Lindner: Es zahlen dort mehr Menschen ein, aber es beziehen auch mehr Altersbezüge. Die Sozialbeiträge und der Steuerzuschuss belasten dort stärker die arbeitende Bevölkerung. Außerdem gibt es in Österreich weit weniger betriebliche und private Altersvorsorge, weshalb der Vergleich hinkt. Ich empfehle uns eher eine Orientierung an Schweden, wo die Menschen individuelle Anwartschaften auch durch eine kapitalmarktbasierte Altersversorgung erhalten.

Die CDU hat auf dem Parteitag die Wiedereinführung der Wehrpflicht beschlossen. Im Übergang sollen zwar alle gemustert, aber nur die besten eingezogen werden. Wie steht die FDP zu so einer Idee?

Lindner: Ich empfehle eine fachliche Debatte. Brauchen wir wirklich eine Wehrpflichtarmee mit sehr vielen, aber militärisch nicht nur angelernten Rekruten? Oder brauchen wir eine hochmoderne und hochqualifizierte Armee? Zudem ist es verfassungsrechtlich fragwürdig, nur einen Teil eines Jahrgangs zum Dienst an der Waffe heranzuziehen. Schließlich müssen wir die ökonomischen Folgen bedenken. Wir haben einen Fach- und Arbeitskräftemangel. Ist es in dieser Situation ökonomisch klug, eine ganze Generation ein Jahr lang nicht in Ausbildung und Arbeit zu bringen? In der Abwägung bin ich für eine gestärkte Reserve. Wir sollten mehr Freiwillige für die Bundeswehr in der Reserve gewinnen und halten, die ihre Qualifikation in den Dienst des Landes stellen. Da geht viel verloren, weil es zum Beispiel zu wenig Dienstposten gibt.

Diese Argumente werden doch seit jeher gegen die Wehrpflicht vorgetragen. Hat sich durch den Krieg in der Ukraine die Bedrohungslage nicht substanziell geändert?

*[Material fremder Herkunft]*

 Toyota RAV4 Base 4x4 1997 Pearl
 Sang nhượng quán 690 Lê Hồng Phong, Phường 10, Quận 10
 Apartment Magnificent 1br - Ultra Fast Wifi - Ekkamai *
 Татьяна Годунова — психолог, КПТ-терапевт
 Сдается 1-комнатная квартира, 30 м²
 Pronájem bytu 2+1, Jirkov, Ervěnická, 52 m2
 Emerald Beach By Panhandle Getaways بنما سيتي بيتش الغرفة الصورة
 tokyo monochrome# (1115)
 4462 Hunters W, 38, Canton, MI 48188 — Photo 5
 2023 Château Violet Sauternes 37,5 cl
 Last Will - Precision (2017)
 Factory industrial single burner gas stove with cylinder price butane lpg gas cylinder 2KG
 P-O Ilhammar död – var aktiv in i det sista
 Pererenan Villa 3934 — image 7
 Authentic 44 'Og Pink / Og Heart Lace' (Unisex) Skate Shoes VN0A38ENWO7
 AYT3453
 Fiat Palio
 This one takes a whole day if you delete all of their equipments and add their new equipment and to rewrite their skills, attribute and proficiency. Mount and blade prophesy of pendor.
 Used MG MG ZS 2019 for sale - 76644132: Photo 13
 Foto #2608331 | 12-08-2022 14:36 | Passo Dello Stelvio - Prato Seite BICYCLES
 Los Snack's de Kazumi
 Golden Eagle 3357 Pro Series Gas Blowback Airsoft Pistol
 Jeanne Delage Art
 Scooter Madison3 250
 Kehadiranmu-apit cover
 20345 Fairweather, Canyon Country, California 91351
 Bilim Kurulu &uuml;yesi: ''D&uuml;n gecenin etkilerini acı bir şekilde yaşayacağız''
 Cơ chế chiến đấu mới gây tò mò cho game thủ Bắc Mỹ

Lindner: Ja, aber eben das Kriegsszenario auch. Die konventionelle Duellsituation im „Fulda-Gap“ ist nicht mehr wahrscheinlich. Wir müssen die Gefahr einer hybriden Kriegsführung abwehren, wo wir uns im Inland gegen Cyberangriffe, Desinformation und Sabotage wehren müssen, während wir zugleich die Durchhaltefähigkeit konventioneller Kräfte in Osteuropa sichern.